Imagine que, depois de algum estranho fenômeno climático, começam a chover brinquedos e roupas pelo Brasil. Uma ou duas vezes por semana, nós acordamos e descobrimos que a chuva da madrugada distribuiu, entre todos os brasileiros, calças, camisas, bonecas que falam, carrinhos Hot Wheels e muitos outros produtos.
Um fenômeno como esses intrigaria climatologistas, mas as pessoas o comemorariam como um evento sagrado, uma benção divina. “Agora não precisamos trabalhar tanto, pois as coisas que precisamos simplesmente caem no céu!”, diríamos em festa. Melhor ainda, os pobres poderiam economizar uma parte maior do salário, pois não precisariam gastar com roupas e brinquedos.
Mas nem todos ficariam contentes. Confecções, lojas e fabricantes de brinquedos reclamariam que a chuva impôs sobre eles uma concorrência desleal. Como as coisas simplesmente chovem, ninguém mais compra o que eles produzem. Indústrias fechariam, centros industriais se tornariam cidades fantasmas como Detroit, nos Estados Unidos. “A chuva roubou nossos empregos”, diria a faixa de protesto dos trabalhadores desses ramos. “Contra a precipitação!”
Apesar dos protestos, haveria um consenso que o prejuízo concentrado naquele pequeno grupo é muito menor que o imenso benefício causado pela chuva de produtos. Não faria sentido que alguém continuasse gastando tempo e esforço produzindo coisas que caem do céu. O melhor a fazer seria ajudar empresários e trabalhadores desses ramos a se adaptarem e se especializarem em produzir coisas que a chuva não fornece.
Agora substitua “chuva” por “China”. Um belo dia os brasileiros acordam e descobrem que podem comprar roupas e brinquedos chineses não de graça, mas por um décimo do que costumam pagar. É uma excelente notícia. Não precisam mais trabalhar tanto para adquirir essas coisas. Melhor ainda, os pobres podem economizar uma parte maior do salário, pois têm acesso a roupas e brinquedos baratos.
Da mesma forma, haveria um grupo de descontentes. Confecções e fabricantes de brinquedos reclamariam que a China impôs sobre eles uma concorrência desleal. Ninguém mais compra o que eles produzem, preferem comprar da China. Indústrias fechariam, centros industriais se tornariam cidades fantasmas como Detroit. “A China roubou nossos empregos”, diria a faixa de protesto dos operários desses ramos. “Contra a globalização!”
Apesar dos protestos, há um consenso entre economistas que o prejuízo concentrado em pequenos grupos é menor que o imenso benefício criado pelo comércio internacional. No topo da lista de consensos entre economistas, com 93% de aprovação entre eles, está a afirmação “Tarifas e cotas de importação geralmente reduzem o bem-estar econômico geral”.

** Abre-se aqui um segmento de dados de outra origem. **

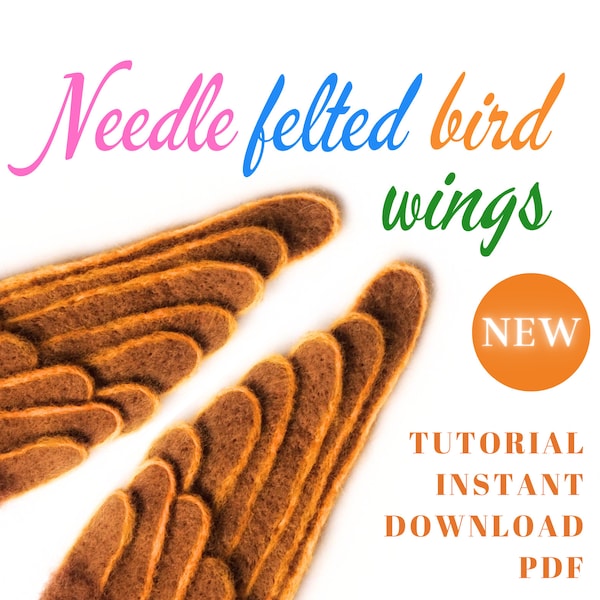 Wool bird wings and tail making tutorial, digital download PDF file, wings making guide for needle felted birds.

Não faz sentido que trabalhadores e empresários brasileiros ou americanos gastem tempo e esforço produzindo coisas que a China vende tão barato. O melhor a fazer é ajudar empresários e trabalhadores desses ramos a se adaptarem e se especializarem em produzir coisas que o Brasil faz melhor que a China.
David Ricardo explicou há 200 anos que o comércio internacional torna a vida mais fácil porque nos faz ter mais com menos trabalho (e com menos empregos). Escoceses trabalhariam demais para produzir vinhos ruins – melhor se especializarem nas destilarias e trocar algumas garrafas de uísque por vinhos dos franceses. Da mesma forma, a forma mais fácil dos franceses obterem uísque é produzindo vinhos para trocá-los com os escoceses.
O fato de o comércio internacional ou a tecnologia roubar empregos não é uma má notícia. É simplesmente a raiz da prosperidade humana. Que pena que o novo presidente da maior democracia capitalista do mundo não se entusiasme com essa ideia.